(DATA PROVIDED Opens)
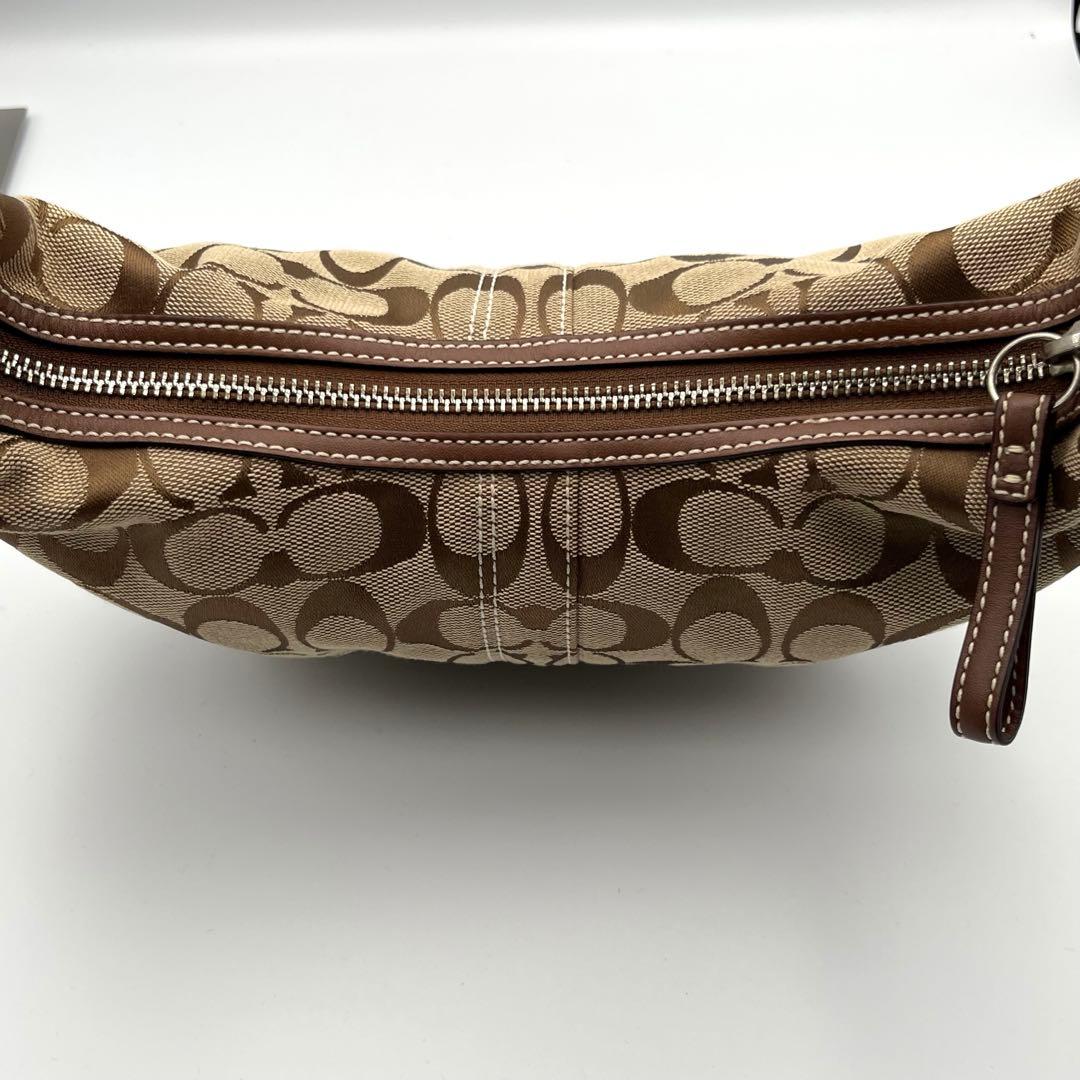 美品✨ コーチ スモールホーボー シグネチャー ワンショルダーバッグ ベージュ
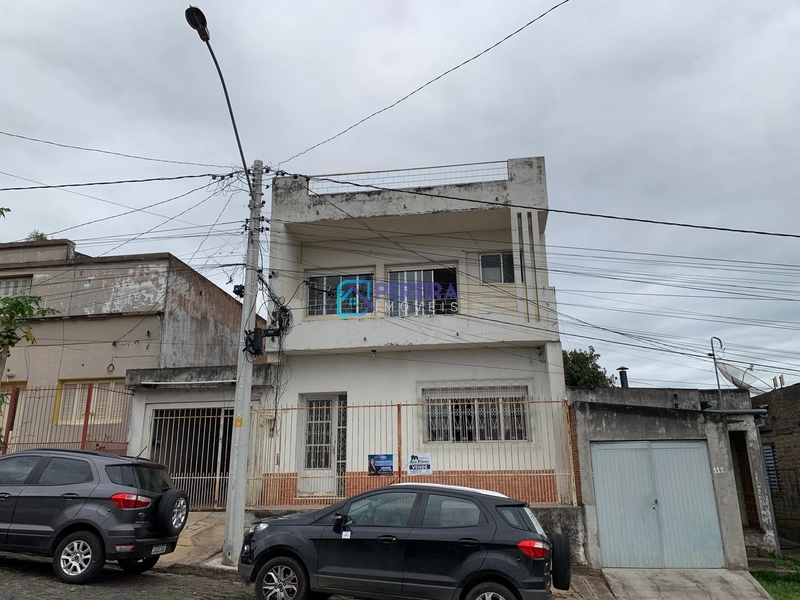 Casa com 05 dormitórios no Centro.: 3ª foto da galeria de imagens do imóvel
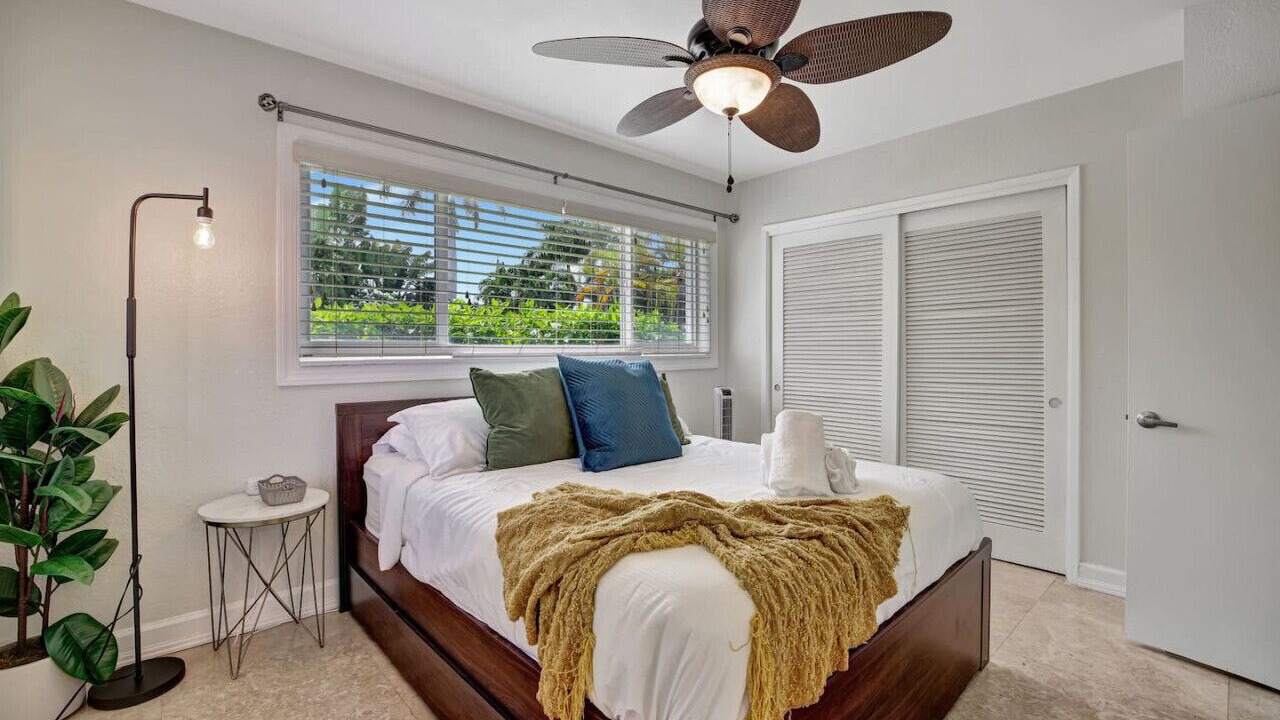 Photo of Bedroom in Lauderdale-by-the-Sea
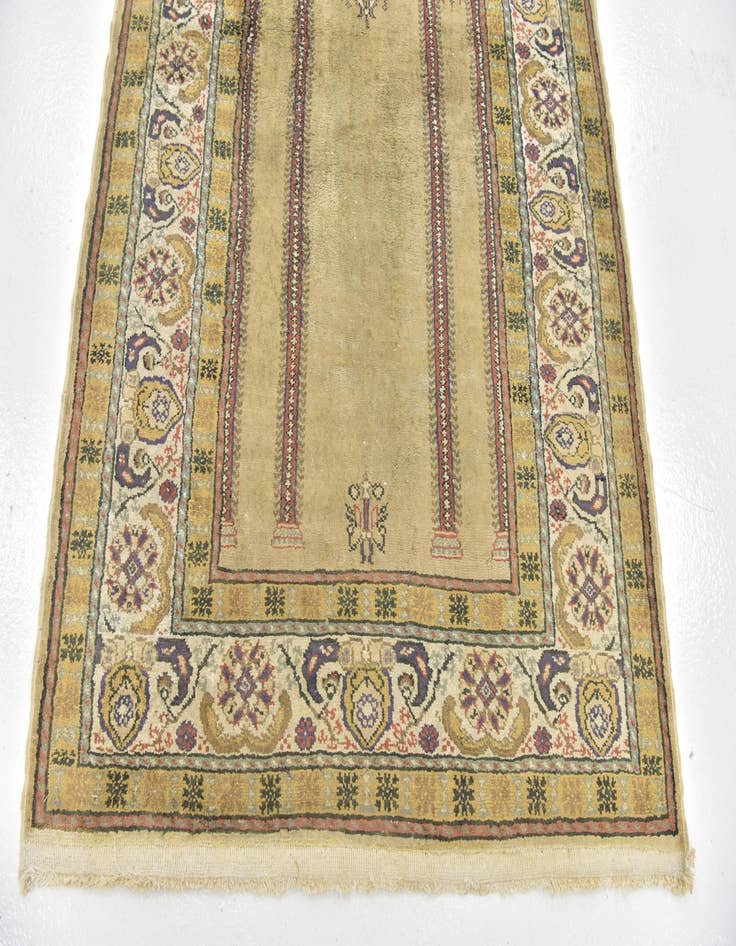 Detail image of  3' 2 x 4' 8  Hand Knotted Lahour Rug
(DATA PROVIDED Closes)
## WHAT IS BEING ASKED
Output the material word for word. Pictures do not go in.

## SOLUTION TO THE EXERCISE
 美品✨ コーチ スモールホーボー シグネチャー ワンショルダーバッグ ベージュ
 Casa com 05 dormitórios no Centro.: 3ª foto da galeria de imagens do imóvel
 Photo of Bedroom in Lauderdale-by-the-Sea
 Detail image of  3' 2 x 4' 8  Hand Knotted Lahour Rug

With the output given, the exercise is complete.